High-Throughput Tear Proteomics via In-Capillary Digestion for Biomarker Discovery.

Tear fluid has emerged as a valuable resource for biomarker discovery; however, the limited sample volume, the dynamic composition, and the variability introduced by collection methods all present significant challenges to the analysis and interpretation of the results. A majority of tear proteomic studies have utilized Schirmer strips for tear fluid collection; however, microcapillary collection can provide a superior collection method for proteomic studies when analysis procedures are optimized. We developed a novel, high-throughput in-capillary trypsin digestion workflow that requires as little as 0.5 μL of tear fluid for bottom-up shotgun proteomics. The use of a single microcentrifuge tube for both tear collection and sample processing simplifies sample handling and minimizes both the sample loss and experimental errors associated with sample transfers. This streamlined approach also reduces sample processing time to under 2 h before overnight trypsin digestion, compared to the 5-8 h required by the other methods. Our method uses liquid chromatography-tandem mass spectrometry (LC-MS/MS) to identify more proteins with greater efficiency than the existing techniques.
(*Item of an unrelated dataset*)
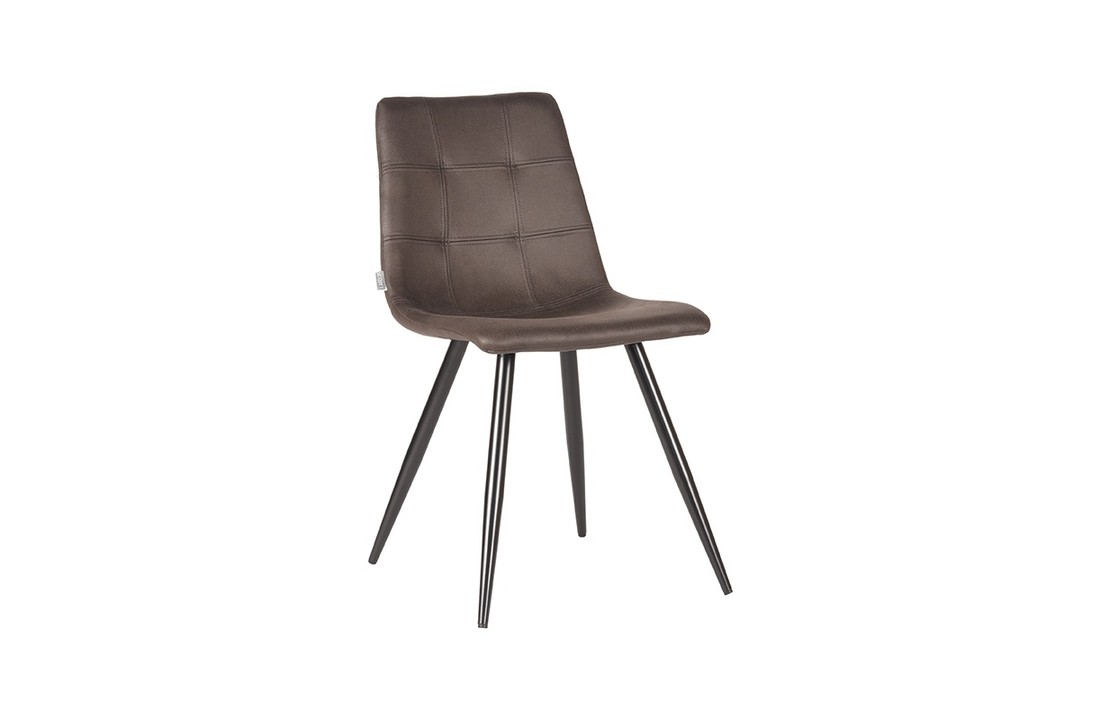 LABEL51 Eetkamerstoel Jay - Antraciet - Microfiber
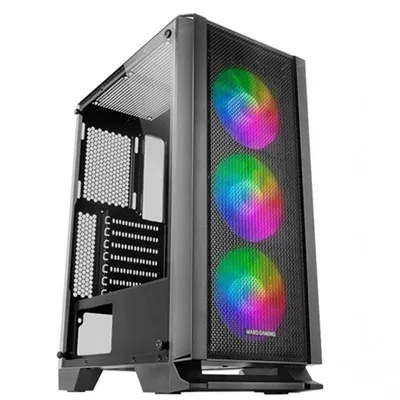 Produktbild von ATX Semi-Tower Gehäuse Mars Gaming MCC Schwarz RGB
With this workflow, we identified 500-800 proteins per 0.5 μL sample without peptide fractionation, allowing for at least three technical replicates. The results showed a four-fold increase in the number of proteins identified in the samples. This approach validates the use of microcapillary tear collection, and the innovative processing technique significantly increases the throughput of tear proteomics for biomarker discovery.